Trained animals performed treadmill running 5 days/week for 6 weeks (60 min/session), at 50–70% of individual maximal speed. An interim test in week 3 adjusted exercise intensity [19].

2.4. Echocardiographic Evaluation

Cardiac function was evaluated under light anesthesia (0.5–2% isoflurane in 98% O₂, 1.5 L/min) using a Vevo 2100 ultrasound system (FujiFilm VisualSonics, Toronto, ON, Canada) and a 13 MHz transducer, following standard guidelines [20].

2.5. Hemodynamic and Autonomic Recordings

After anesthesia and catheterization (carotid artery and jugular vein, using Tygon P50), animals recovered for 24 h before data collection. Arterial pressure (AP) and heart rate (HR) were recorded in conscious rats for 30 min via a pressure transducer (Kent Scientific, Torrington, CT, USA) and data acquisition system (WinDaq, 2 kHz) [19].

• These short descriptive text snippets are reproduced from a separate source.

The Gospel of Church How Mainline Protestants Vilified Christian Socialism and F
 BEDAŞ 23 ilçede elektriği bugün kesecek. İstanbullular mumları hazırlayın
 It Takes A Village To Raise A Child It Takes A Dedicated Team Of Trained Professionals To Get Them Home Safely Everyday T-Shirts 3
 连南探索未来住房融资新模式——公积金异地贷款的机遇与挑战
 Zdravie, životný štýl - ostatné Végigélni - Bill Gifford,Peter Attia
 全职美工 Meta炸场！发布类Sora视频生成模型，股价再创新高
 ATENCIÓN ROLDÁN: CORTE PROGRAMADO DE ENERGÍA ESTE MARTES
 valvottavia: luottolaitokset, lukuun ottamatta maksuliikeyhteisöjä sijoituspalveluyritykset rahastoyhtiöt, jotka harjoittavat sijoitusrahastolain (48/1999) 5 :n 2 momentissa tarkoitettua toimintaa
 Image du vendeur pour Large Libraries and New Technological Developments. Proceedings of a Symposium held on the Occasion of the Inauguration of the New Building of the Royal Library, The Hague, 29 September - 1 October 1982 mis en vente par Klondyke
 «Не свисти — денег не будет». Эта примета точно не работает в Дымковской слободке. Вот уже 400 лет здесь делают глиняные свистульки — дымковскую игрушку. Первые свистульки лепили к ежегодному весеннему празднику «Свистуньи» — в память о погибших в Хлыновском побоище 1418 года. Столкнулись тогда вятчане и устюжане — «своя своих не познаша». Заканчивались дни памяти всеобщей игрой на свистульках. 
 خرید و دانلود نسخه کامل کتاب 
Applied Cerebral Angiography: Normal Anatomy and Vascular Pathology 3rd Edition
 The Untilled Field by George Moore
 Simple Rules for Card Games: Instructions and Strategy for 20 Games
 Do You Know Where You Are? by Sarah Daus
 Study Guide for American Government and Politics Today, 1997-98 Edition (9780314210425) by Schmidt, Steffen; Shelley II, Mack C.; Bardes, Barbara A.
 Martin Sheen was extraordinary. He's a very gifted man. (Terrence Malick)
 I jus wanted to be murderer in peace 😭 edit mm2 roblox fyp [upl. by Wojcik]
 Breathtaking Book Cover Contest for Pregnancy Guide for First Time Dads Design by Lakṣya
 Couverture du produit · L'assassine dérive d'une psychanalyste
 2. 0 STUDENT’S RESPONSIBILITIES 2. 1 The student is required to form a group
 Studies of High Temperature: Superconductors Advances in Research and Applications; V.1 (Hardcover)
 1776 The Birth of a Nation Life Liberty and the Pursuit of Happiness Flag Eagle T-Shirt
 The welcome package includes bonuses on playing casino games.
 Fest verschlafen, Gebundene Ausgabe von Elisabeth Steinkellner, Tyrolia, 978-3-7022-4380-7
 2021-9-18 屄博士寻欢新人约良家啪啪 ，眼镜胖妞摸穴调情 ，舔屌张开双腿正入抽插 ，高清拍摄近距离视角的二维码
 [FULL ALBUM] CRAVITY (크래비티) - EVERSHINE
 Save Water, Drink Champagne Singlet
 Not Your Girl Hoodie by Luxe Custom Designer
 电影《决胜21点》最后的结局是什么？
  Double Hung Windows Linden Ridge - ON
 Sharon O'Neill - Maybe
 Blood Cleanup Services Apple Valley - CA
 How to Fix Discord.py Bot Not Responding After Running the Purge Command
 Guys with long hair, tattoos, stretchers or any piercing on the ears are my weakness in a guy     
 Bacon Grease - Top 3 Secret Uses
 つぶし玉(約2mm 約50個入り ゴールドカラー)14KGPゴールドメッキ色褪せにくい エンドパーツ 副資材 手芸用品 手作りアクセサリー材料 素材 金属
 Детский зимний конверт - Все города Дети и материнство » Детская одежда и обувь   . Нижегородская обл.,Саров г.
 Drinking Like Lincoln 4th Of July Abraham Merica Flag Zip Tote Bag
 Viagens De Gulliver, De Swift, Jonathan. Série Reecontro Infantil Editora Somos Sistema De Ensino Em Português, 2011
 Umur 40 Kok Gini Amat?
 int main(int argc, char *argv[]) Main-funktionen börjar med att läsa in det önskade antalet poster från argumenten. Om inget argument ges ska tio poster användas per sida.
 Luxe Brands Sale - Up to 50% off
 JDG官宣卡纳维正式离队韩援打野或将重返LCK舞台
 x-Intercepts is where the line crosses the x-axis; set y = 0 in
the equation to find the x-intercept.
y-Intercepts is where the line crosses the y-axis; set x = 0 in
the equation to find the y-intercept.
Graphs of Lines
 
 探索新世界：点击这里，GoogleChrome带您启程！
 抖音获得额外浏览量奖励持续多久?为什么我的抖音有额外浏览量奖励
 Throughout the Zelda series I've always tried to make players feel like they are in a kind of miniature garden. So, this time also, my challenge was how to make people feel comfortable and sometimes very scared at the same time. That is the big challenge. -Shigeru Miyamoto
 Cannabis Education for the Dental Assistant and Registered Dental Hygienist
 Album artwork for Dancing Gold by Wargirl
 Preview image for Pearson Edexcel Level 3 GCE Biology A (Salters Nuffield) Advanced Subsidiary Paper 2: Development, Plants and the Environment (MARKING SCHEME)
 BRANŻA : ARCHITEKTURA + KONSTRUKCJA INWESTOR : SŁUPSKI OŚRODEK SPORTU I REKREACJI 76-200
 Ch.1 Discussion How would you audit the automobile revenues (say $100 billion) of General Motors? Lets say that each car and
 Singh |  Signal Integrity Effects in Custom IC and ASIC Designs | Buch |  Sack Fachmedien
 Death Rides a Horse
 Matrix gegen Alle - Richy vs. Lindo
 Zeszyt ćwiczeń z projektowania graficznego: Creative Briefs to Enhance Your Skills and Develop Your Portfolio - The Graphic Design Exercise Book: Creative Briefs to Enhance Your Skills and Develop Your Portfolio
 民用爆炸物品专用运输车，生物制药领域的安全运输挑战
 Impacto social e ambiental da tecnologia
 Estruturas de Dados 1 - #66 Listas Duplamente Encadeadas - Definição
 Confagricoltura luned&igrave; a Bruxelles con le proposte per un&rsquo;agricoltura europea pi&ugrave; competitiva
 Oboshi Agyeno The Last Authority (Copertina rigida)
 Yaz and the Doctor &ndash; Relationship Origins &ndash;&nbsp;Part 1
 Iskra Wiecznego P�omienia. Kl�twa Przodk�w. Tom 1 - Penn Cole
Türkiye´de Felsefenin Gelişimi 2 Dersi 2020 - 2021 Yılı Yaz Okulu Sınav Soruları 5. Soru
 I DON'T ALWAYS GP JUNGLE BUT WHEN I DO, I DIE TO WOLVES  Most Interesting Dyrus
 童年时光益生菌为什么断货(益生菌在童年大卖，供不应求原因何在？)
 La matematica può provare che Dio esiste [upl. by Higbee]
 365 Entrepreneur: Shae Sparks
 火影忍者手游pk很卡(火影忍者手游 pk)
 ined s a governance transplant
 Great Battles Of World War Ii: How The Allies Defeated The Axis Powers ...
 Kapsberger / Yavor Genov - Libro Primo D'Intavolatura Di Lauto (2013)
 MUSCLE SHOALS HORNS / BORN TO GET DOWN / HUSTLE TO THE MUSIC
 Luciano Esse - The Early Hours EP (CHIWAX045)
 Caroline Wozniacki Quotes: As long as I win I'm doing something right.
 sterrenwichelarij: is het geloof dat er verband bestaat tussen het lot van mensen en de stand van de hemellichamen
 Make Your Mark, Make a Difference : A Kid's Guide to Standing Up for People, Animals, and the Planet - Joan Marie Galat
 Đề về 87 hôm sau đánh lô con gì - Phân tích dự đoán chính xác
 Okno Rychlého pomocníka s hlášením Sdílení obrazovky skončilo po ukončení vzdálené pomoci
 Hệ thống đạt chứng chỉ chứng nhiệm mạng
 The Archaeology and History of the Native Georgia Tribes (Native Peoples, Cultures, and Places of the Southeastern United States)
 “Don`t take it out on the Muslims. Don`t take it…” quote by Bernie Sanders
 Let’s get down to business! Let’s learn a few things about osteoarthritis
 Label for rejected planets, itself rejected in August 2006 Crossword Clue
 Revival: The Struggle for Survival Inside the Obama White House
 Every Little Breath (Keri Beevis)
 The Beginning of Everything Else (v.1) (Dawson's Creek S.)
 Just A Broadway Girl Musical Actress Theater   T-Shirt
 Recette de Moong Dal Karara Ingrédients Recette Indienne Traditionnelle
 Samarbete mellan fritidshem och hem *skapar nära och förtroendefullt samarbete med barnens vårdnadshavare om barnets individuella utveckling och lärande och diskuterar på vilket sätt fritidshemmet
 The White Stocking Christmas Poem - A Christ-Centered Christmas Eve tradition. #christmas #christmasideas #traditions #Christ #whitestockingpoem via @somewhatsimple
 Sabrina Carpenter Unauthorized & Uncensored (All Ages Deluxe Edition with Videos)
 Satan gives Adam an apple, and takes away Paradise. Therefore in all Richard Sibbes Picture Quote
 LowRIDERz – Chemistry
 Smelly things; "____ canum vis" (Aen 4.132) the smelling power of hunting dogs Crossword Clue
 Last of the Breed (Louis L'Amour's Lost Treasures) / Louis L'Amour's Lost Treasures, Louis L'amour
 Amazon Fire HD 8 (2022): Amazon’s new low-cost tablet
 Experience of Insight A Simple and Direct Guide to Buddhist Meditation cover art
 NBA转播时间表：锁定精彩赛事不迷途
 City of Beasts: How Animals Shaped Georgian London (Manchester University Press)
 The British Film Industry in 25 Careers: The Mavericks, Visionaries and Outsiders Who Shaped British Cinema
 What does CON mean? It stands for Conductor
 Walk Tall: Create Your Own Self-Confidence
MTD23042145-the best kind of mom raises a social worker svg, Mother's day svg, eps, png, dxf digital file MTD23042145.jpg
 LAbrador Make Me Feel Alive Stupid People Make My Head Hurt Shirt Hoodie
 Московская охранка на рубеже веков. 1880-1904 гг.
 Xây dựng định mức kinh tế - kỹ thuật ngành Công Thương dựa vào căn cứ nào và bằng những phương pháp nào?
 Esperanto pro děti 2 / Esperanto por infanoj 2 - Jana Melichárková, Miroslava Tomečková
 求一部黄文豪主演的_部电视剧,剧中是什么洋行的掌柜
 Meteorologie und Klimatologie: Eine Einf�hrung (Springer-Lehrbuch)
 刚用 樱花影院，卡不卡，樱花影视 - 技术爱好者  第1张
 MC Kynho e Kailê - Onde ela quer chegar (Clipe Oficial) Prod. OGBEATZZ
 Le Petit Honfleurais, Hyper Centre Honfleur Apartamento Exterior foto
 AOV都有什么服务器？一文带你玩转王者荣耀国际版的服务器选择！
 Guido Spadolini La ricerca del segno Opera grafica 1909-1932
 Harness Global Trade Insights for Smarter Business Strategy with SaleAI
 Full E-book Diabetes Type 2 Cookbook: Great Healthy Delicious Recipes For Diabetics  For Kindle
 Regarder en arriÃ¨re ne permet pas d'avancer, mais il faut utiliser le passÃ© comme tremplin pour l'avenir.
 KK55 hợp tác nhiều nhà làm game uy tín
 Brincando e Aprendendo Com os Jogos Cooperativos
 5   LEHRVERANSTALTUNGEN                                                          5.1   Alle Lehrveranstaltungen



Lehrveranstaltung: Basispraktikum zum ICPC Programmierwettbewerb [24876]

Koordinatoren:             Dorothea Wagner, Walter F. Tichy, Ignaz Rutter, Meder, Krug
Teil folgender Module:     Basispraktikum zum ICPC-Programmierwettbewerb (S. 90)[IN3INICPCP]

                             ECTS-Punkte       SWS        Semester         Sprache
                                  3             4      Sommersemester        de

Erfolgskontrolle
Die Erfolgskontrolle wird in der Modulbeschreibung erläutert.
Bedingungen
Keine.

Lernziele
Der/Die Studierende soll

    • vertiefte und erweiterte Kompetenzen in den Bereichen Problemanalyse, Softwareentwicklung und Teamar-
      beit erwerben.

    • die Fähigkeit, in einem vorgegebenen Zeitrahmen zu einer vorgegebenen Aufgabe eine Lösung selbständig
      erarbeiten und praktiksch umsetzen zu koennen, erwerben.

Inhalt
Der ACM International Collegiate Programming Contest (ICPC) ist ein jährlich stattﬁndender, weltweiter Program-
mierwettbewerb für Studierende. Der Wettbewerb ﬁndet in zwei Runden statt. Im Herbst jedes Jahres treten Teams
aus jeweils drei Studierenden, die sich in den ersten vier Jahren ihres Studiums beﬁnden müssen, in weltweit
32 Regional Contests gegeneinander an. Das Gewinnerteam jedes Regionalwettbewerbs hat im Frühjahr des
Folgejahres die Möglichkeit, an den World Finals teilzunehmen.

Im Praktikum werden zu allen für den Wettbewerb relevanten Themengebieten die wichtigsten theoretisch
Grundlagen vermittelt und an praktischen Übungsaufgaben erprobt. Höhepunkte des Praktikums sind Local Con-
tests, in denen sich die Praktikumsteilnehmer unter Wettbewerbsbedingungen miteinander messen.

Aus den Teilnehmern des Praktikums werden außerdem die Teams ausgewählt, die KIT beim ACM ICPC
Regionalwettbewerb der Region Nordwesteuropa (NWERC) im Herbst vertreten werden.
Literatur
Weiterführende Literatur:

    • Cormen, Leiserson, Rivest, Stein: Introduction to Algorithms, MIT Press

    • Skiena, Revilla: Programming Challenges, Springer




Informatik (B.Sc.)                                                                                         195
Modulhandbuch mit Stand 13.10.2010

Throughout the experiment, animals were monitored daily for signs of stress or illness. Isoflurane anesthesia was used to minimize discomfort during surgical procedures. No unexpected adverse events were observed. Humane endpoints were established but not required during the study.

2.6. Baroreflex Sensitivity Assessment

Baroreflex sensitivity was evaluated in conscious, freely moving animals 24 h after catheter implantation. Increasing doses of phenylephrine (PE, 2.5–10 µg/kg) and sodium nitroprusside (SNP, 2.5–15 µg/kg) were administered intravenously via the jugular catheter to induce transient pressor and depressor responses, respectively. For each response, the corresponding change in heart rate (HR) was plotted against the change in mean arterial pressure (MAP), and the linear regression slope (ΔHR/ΔMAP, bpm/mmHg) was calculated as the BRS index. At least three responses per agent with linearity >0.9 were considered per animal [19]. All animals were handled prior to testing to reduce stress and were recorded in the morning to minimize circadian variability.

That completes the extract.